> Problem to solve: With pictures left out, return only the lines from the line containing "this 375×260 image." through the end of the material below, both included.

== Extracted data

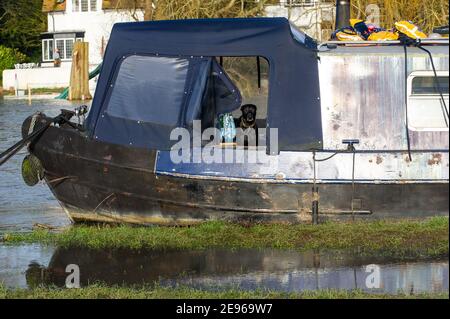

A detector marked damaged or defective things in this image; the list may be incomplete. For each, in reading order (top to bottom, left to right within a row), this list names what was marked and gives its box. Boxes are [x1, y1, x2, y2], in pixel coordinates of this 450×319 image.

rusty metal hull [29, 125, 448, 225]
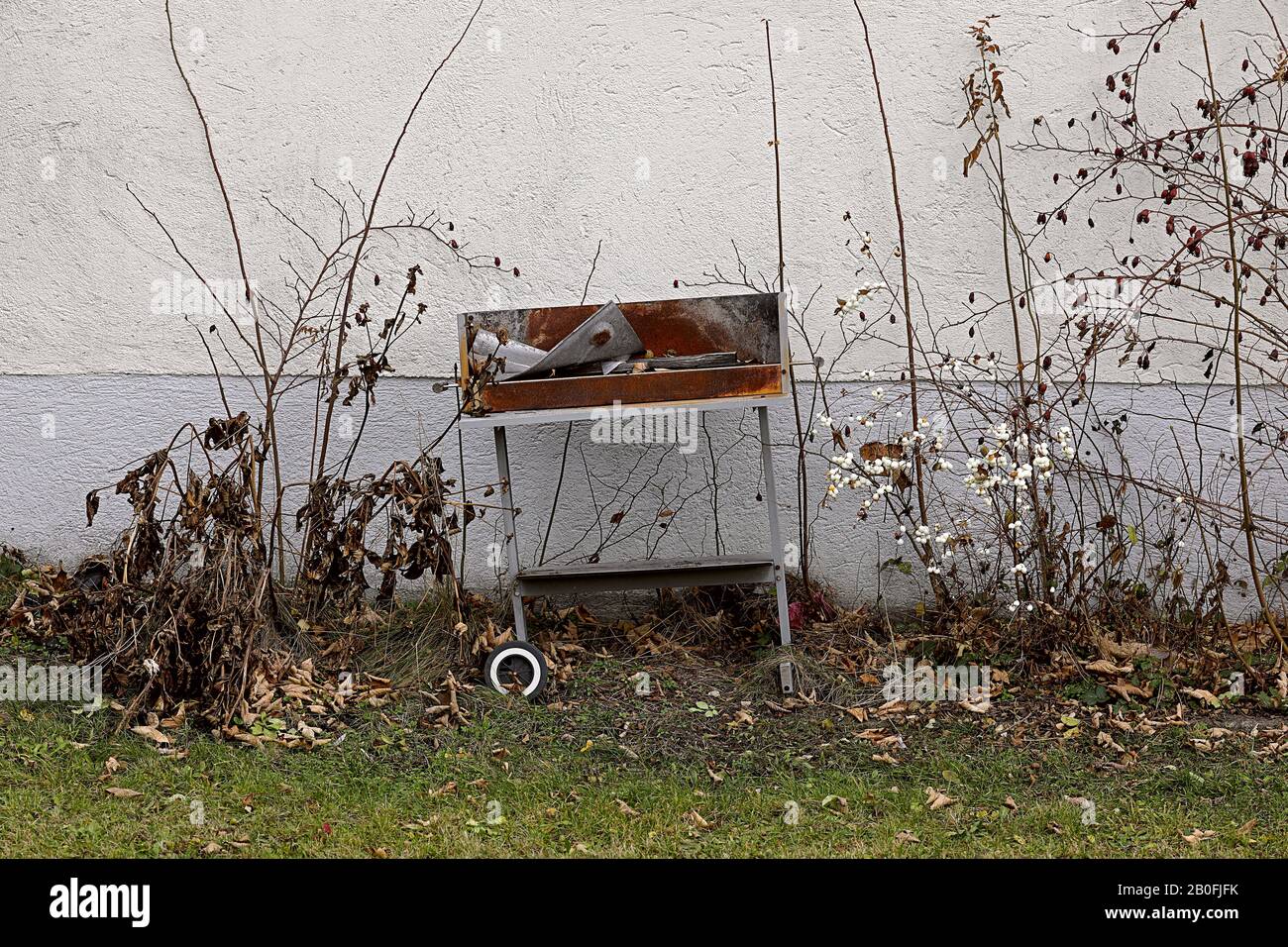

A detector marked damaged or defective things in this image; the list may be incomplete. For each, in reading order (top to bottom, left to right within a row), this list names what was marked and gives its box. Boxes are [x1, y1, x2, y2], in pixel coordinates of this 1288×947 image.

rusty barbecue grill [453, 288, 793, 695]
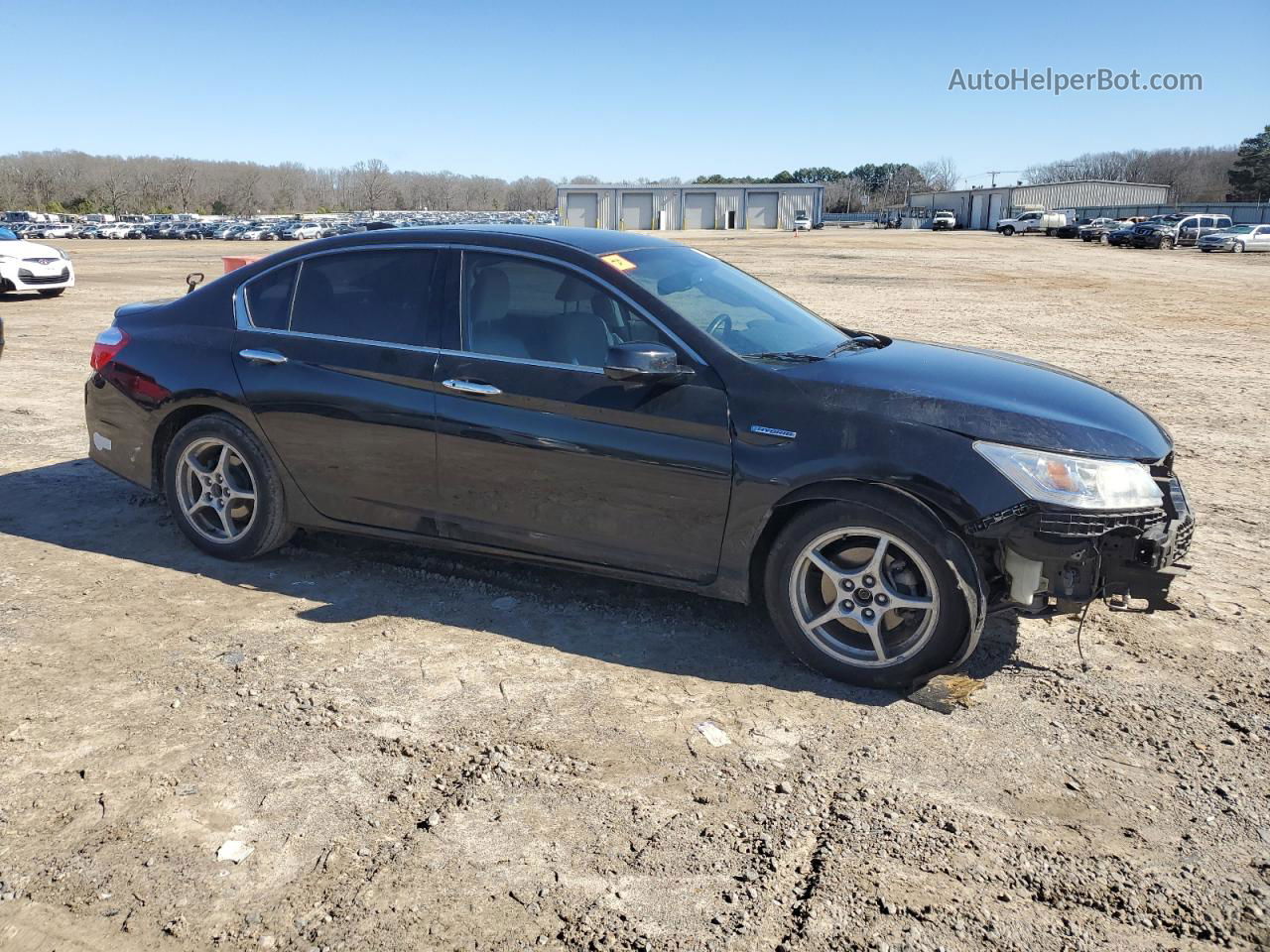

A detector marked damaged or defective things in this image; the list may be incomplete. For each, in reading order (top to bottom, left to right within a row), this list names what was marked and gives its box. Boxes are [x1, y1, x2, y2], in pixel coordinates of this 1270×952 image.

damaged front end [964, 461, 1194, 619]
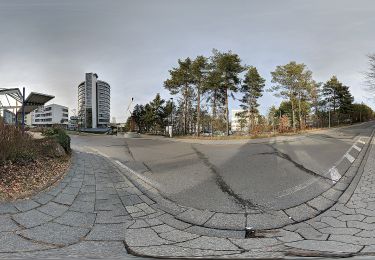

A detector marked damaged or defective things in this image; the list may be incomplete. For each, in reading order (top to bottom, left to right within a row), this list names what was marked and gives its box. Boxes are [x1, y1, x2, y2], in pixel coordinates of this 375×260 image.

crack in asphalt [191, 144, 262, 211]
crack in asphalt [262, 145, 334, 182]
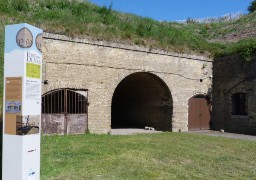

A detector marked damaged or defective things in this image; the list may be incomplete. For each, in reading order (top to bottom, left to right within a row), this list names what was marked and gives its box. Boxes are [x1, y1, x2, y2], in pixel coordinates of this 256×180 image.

rusty metal gate [41, 89, 87, 134]
rusty metal gate [188, 96, 210, 130]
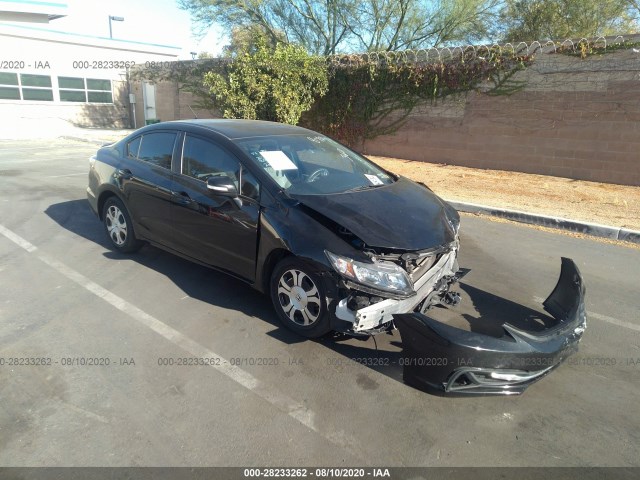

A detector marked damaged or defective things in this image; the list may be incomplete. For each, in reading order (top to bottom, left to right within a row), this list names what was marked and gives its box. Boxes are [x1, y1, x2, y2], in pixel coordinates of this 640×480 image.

broken headlight [324, 251, 416, 296]
detached front bumper cover [392, 256, 588, 396]
damaged front end of car [392, 256, 588, 396]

====

> Output below:
A detector marked damaged or defective things in this image; the list may be incomplete. For each, in reading order (top to bottom, left to right within a row), this list names what was marked and gives its box. Boxes are [x1, y1, x2, y2], in pixel coordinates of this 375×260 image.

crack in asphalt [191, 144, 262, 211]
crack in asphalt [262, 145, 334, 182]

A detector marked damaged or defective things in this image; the list may be incomplete. For each, in reading order (top to bottom, left to right within a row), this list names what was marked and gives its box. Boxes are [x1, y1, x2, y2], in pixel coordinates of this 256×180 image.

rusty metal gate [41, 89, 87, 134]
rusty metal gate [188, 96, 210, 130]

A detector marked damaged or defective things in this image; the list may be incomplete. For each, in reading order (top to bottom, left to right within a row), this list names what was marked and gives its box. Boxes are [x1, y1, x2, y2], in pixel coordinates of this 640×480 image.

broken headlight [324, 251, 416, 296]
detached front bumper cover [392, 256, 588, 396]
damaged front end of car [392, 256, 588, 396]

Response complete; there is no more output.